How to prepare for the Fed’s actions

When Powell said the Fed was prepared to act as “appropriate” to sustain the message, markets cheered the message that the U.S. central bank could come to the rescue.

But that might not be the right conclusion for you – or your wallet.

“You’ve got to be careful what you wish for,” McBride says. “Financial markets are operating on the premise that, once again, bad news is good news.”

It’s important to remember that policymakers on the U.S. central bank are data-dependent, and they are acting to sustain an economic expansion. That means, if a rate cut occurs, it’s because they think the economy is in desperate need of stimulation, or could be about to fall off a cliff.

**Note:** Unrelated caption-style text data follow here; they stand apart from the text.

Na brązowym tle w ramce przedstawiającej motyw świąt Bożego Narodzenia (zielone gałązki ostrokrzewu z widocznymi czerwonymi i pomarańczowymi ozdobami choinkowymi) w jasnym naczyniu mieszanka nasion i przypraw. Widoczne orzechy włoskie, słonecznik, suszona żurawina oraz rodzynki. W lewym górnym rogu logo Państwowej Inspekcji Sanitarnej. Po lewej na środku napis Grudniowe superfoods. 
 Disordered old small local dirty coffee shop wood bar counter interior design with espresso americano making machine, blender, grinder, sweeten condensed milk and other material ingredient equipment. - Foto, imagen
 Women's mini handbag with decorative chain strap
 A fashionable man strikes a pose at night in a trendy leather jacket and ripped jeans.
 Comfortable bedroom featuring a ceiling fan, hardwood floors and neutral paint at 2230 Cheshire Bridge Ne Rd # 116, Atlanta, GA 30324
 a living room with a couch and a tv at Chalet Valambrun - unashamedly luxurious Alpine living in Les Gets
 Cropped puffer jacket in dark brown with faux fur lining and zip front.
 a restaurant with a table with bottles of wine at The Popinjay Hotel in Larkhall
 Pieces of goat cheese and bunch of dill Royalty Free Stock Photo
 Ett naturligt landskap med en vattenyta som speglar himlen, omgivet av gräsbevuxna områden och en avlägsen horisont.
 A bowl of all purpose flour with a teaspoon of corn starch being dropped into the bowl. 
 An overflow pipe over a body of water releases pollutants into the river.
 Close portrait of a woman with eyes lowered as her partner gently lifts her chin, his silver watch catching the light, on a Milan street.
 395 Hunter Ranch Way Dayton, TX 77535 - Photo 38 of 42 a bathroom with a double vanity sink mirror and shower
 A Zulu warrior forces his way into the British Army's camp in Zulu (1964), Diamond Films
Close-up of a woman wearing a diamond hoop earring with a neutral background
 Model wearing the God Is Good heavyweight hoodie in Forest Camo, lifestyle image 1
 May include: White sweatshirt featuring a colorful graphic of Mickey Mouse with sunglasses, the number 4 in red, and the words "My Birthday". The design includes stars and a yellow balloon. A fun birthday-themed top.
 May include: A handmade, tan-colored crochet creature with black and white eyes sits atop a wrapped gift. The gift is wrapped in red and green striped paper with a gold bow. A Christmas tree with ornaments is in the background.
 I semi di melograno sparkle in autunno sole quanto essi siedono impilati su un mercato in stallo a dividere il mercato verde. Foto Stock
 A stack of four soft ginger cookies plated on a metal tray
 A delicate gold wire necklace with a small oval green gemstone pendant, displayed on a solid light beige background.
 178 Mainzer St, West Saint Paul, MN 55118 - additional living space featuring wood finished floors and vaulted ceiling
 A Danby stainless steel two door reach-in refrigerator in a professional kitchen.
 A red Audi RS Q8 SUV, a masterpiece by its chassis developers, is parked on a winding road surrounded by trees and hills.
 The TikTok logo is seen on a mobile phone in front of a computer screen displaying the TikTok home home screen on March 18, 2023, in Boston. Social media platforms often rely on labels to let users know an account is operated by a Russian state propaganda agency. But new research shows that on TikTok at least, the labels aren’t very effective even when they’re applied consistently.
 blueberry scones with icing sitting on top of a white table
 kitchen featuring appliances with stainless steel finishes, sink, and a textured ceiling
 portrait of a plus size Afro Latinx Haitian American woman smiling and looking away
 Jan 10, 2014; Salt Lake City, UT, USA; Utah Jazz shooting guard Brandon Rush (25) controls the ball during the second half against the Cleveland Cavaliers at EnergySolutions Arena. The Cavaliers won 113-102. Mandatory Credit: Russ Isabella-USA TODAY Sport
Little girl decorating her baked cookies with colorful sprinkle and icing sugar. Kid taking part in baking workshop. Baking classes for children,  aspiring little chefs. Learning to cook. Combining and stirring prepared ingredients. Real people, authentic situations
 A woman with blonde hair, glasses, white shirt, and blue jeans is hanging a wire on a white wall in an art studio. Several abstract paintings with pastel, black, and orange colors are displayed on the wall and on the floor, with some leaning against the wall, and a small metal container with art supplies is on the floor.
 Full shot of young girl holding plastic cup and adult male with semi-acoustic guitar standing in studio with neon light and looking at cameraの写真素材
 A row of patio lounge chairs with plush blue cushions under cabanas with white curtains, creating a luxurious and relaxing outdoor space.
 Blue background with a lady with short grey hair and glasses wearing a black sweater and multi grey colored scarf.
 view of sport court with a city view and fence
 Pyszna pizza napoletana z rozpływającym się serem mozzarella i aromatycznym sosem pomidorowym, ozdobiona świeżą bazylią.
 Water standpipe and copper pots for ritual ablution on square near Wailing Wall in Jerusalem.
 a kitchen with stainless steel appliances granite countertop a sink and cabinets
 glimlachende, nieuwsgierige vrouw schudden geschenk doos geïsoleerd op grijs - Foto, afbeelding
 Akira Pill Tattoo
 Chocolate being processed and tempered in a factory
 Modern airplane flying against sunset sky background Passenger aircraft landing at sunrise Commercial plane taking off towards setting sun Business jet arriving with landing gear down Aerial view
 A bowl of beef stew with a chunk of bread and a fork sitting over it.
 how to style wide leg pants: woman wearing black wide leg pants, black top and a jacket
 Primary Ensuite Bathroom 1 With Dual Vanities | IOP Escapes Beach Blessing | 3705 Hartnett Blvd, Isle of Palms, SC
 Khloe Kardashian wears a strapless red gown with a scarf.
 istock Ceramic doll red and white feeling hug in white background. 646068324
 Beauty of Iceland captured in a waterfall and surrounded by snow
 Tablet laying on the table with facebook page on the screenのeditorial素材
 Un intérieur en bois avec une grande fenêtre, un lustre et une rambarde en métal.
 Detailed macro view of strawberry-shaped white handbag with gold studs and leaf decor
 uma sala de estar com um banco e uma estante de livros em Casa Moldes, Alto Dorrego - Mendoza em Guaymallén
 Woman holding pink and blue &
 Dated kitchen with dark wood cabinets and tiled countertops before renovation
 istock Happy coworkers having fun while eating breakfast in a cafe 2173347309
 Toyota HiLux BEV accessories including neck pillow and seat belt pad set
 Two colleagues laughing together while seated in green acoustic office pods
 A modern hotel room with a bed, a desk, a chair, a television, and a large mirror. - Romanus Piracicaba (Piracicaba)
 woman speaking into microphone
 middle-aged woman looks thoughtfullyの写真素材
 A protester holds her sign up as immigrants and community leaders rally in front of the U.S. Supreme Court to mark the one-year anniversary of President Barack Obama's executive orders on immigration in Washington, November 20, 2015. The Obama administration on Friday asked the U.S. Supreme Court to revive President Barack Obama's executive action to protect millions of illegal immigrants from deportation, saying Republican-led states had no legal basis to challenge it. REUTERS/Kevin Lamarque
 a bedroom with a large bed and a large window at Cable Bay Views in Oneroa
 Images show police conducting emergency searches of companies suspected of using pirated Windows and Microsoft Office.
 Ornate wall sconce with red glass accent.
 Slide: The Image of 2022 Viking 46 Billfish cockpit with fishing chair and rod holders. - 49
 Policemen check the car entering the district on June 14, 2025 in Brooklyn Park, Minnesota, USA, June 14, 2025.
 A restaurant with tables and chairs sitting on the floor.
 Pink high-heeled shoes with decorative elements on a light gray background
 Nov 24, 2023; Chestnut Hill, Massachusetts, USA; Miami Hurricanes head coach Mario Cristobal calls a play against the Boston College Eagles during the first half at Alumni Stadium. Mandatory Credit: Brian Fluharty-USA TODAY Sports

“Even if they did cut rates at this point, what kind of signal does that send about where they think the economy is, or is going?” McBride asks. “If you know the Fed is moving itself toward cutting rates, and there’s legitimate concerns about the economy slowing significantly and the recession word keeps getting thrown around more, that undermines all of those goals that Main Street America has.”

When the Fed decides to cut rates, it’s important that you’ve prepared your finances in advance, while the U.S. economy is still strong, McBride says.

“Continue to boost your savings, pay down debt, create some breathing room in your budget, pay off high-cost debt,” McBride says. “Those are the prudent steps to take. Don’t really worry so much about the guesswork of interest rates. Whether the economy is firing on all cylinders or not, it’s not going to stay that way forever. It’s not so much a sky is falling kind of thing as much as it is, trees don’t grow to the sky.”